= YOUR OBJECTIVE =
Return copies of the lines below that mention "Vintage".

= EXERCISE DATA =
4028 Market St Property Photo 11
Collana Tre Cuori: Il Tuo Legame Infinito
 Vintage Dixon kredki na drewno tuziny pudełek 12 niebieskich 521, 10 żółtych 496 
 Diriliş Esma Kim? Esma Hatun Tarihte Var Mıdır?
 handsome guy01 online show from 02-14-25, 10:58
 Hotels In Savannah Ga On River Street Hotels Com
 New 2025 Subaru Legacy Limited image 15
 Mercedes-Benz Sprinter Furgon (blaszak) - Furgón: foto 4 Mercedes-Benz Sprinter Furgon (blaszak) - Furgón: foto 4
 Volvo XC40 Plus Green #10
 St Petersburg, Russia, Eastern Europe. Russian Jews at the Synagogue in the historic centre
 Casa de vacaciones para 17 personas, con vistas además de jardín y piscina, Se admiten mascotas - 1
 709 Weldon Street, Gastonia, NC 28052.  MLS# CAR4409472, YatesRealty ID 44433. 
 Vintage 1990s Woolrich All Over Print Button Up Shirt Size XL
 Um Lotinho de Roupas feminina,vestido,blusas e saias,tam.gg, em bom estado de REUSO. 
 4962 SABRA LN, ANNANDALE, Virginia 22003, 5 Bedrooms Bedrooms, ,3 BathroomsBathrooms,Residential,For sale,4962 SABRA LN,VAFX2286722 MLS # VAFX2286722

= YOUR SOLUTION =
 Vintage Dixon kredki na drewno tuziny pudełek 12 niebieskich 521, 10 żółtych 496 
 Vintage 1990s Woolrich All Over Print Button Up Shirt Size XL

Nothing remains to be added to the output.